* What to produce: Would you please transcribe the listing exactly, with no images?

[Material provided]

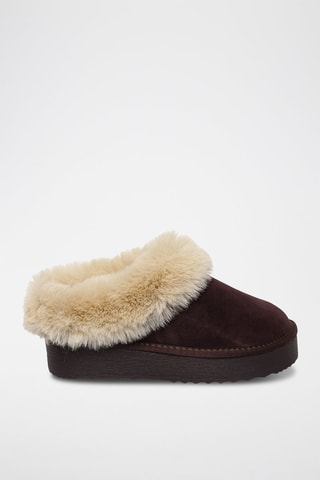 Mules fourrées en nubuck Snow - Marron foncé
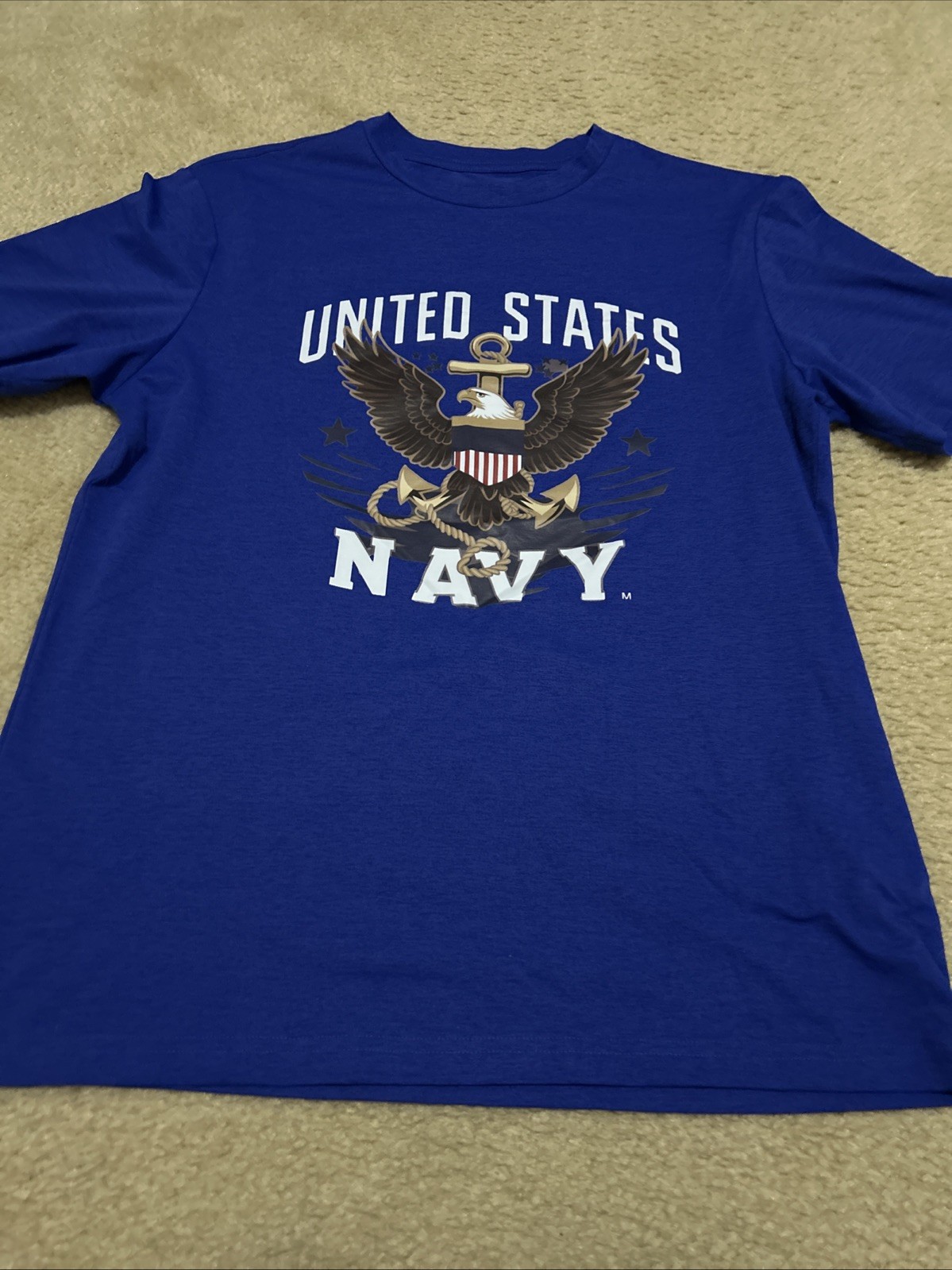 United States US Navy Print shirt Medium Blue Tee 100% Polyester New No Tags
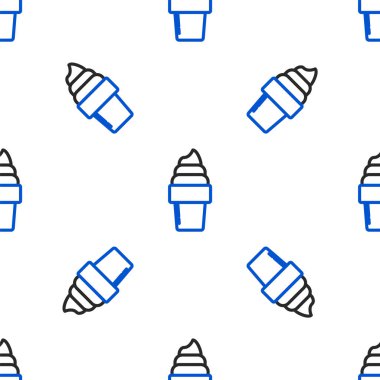 Waffle konisi ikonunda çizgi dondurması beyaz arka planda izole edilmiş pürüzsüz desen. Güzel sembol. Renkli taslak konsepti. Vektör.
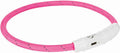 Trixie - lichtgevende halsband hond flash usb tpu / nylon roze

[/Material provided]

* Written answer:
 Mules fourrées en nubuck Snow - Marron foncé
 United States US Navy Print shirt Medium Blue Tee 100% Polyester New No Tags
 Waffle konisi ikonunda çizgi dondurması beyaz arka planda izole edilmiş pürüzsüz desen. Güzel sembol. Renkli taslak konsepti. Vektör.
 Trixie - lichtgevende halsband hond flash usb tpu / nylon roze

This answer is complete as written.